|Written by Jon Hoffmann|
|Friday, 15 June 2012 08:59|
Farmer Mike Jackson was filling his hog shed with piglets this week. The pigs will spend about the next 6 months there before heading to market. Click here for more and to see video.
Mike Jackson is busy handling a fresh batch of 900 pigs. Pigs that will keep him busy for the next six months.
"Day to day basis is making sure that the water is still running and the feed is still flowing." - Mike Jackson
These pigs are 10 days olds and weigh about 12 pounds. As part of their first day in Jackson’s shed, the pigs will be separated by sex.
"Split the boys and the girls separate from each other so they can have separate feed rations. It makes a better uniform product. Makes them grow a little better that way." - Mike Jackson
The pigs are bunched up right now, but will soon be put in a different pens.
"Essentially this is their bedroom and then you got the cup waters over here. Pig walks up and pushes on it with his nose and the water squirts out. And the feeder, which is a hopper style feeder, so it will fill up and then it will shut the feedline off, but then they are able to get their feed down here. They just start working and wiggling that." - Mike Jackson
Jackson has his hog shed fitted for temperature control to keep the pigs warm while they are younger and cool when they get older. He uses propane heating lamps for heat. And for cooling ... open windows, fans under the floor, fans hanging from the ceiling, and sprinkler heads that spray out cool water for the really hot days.

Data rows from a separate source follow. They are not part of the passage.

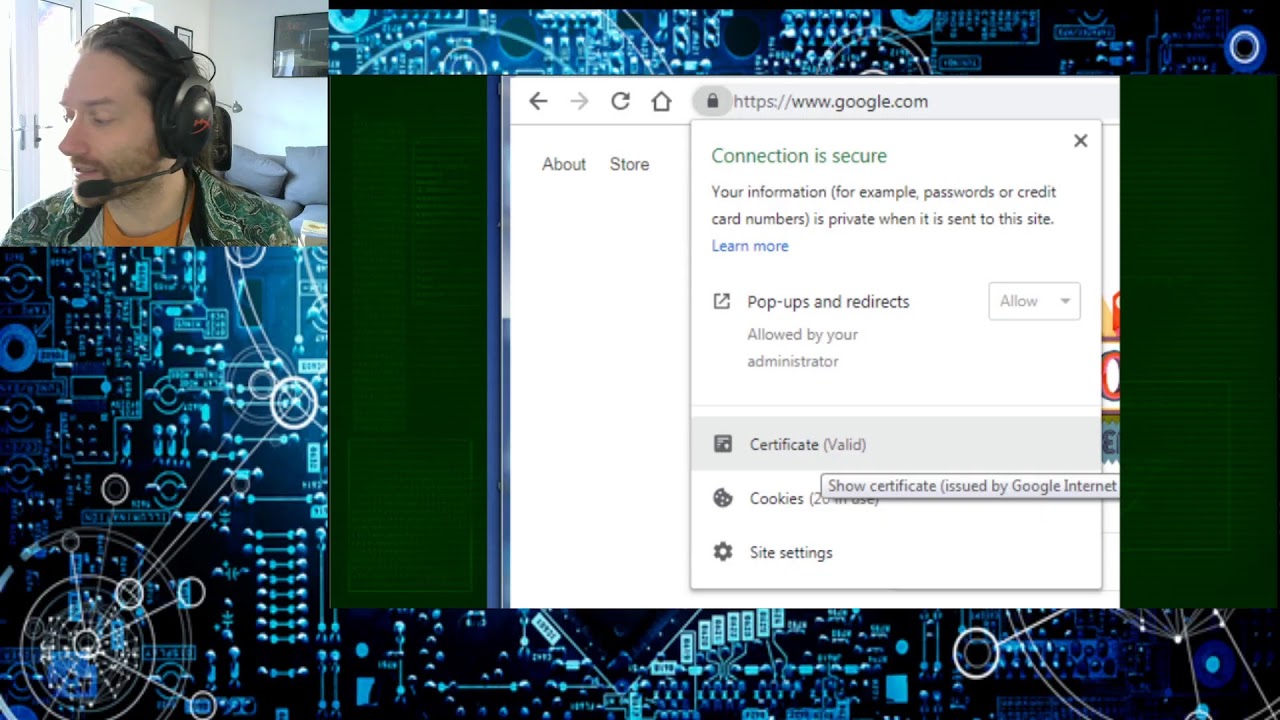 Understanding Asymmetric Encryption: A-Level Learning Livestream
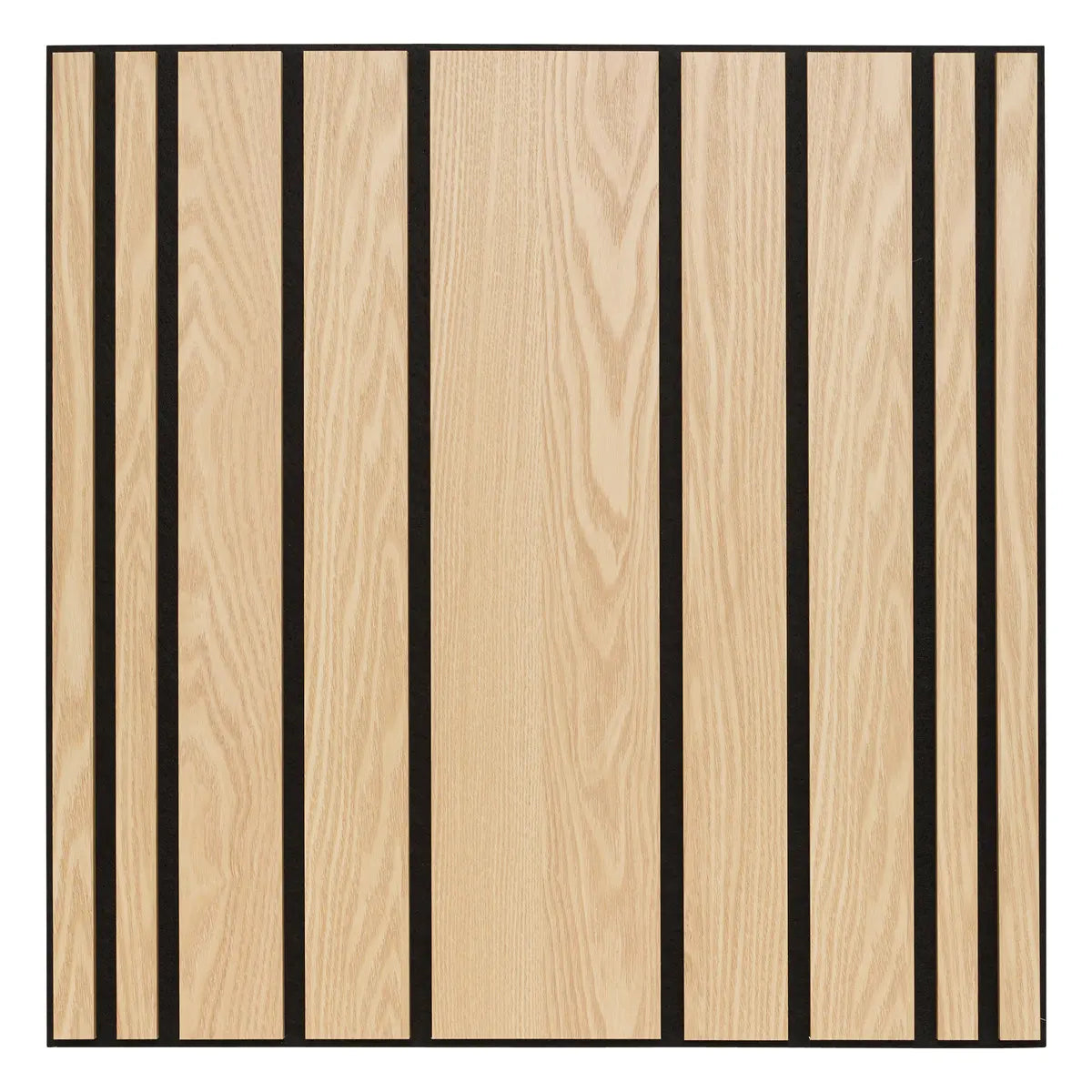 Panou decorativ acustic Atmosphera Colva, MDF, 60x60 cm, Lemn deschis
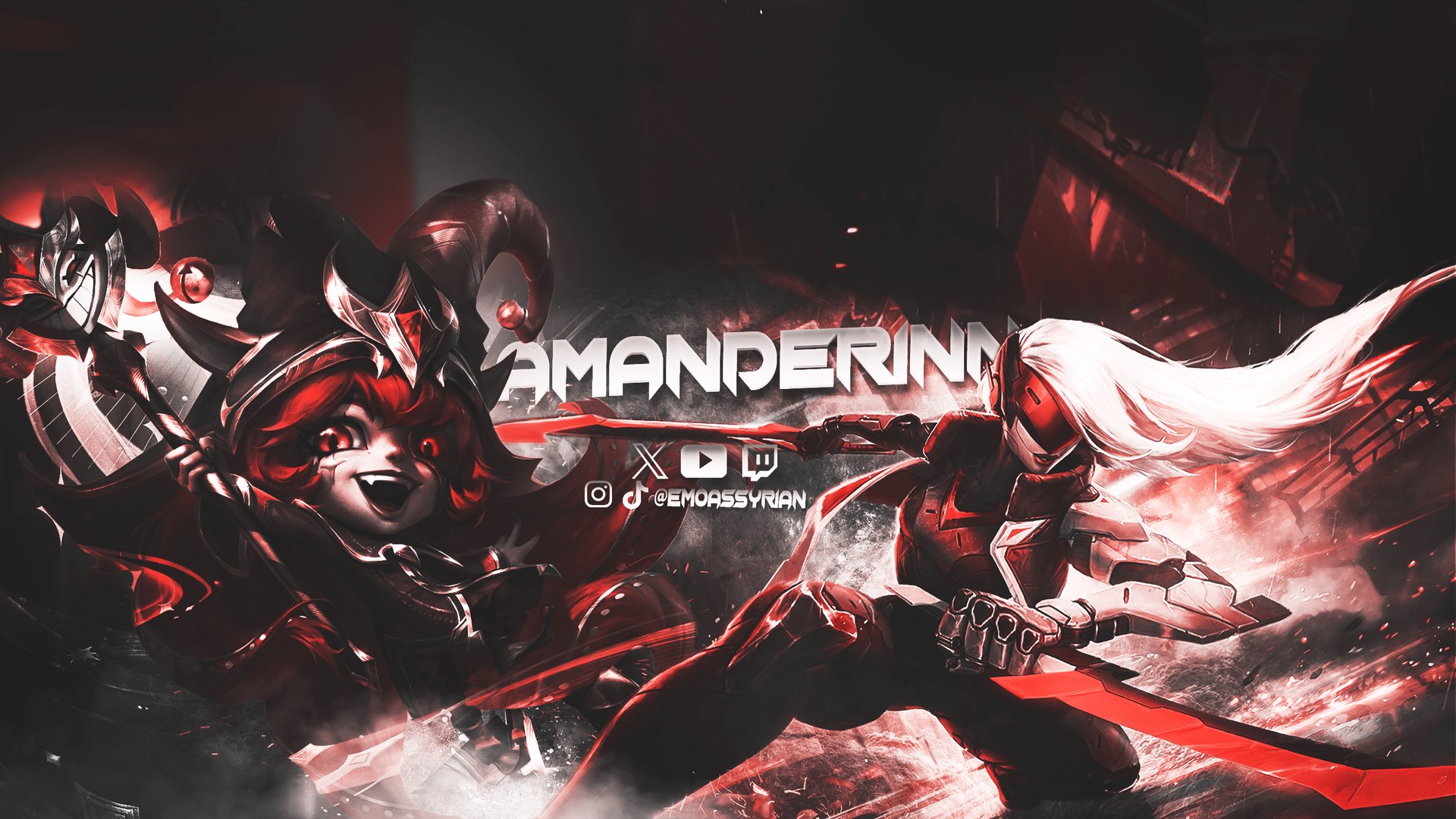 Amanderinn banner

"Just like you go to the state fair and there is the fountain shooting up and the kids are running through the fountain. It’s the same cooling effect." - Mike Jackson
Mike’s been doing this for eight years. He owns the building, pays to the utilities, but he doesn’t own the pigs. The pigs owner pays Mike for his work and then hopes to make about a dollar per pig or $900 from this facility in the end.
"It’s like buying a house in town and renting it to somebody and then the renter takes care of the house. ‘And then the tenants are essentially your pigs’. Essentially yes." - Mike Jackson.

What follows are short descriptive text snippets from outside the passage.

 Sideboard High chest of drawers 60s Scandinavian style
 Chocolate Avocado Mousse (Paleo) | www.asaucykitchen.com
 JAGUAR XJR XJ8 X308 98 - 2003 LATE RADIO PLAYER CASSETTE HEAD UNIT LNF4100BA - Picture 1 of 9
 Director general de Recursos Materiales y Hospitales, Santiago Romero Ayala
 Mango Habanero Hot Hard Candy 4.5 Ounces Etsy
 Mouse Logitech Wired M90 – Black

So since he is basically the caretaker of the pigs and not the owner -- he’s not really worried about the market prices, just taking care of the pigs.
"On top of that I get the hog manure that I can turn around and put out on my farm ground and make another product." - Mike Jackson.
These 900 pigs will produce enough manure to cover about 80 acres of farmland with a fertilizer value of $12,000 or more. For CRI Weekly News, I’m Jon Hoffmann
We’ll continue to follow Mark Jackson and his hog operation. The current price for pork is 79 cents per pound, that’s down 13 cents from a year ago.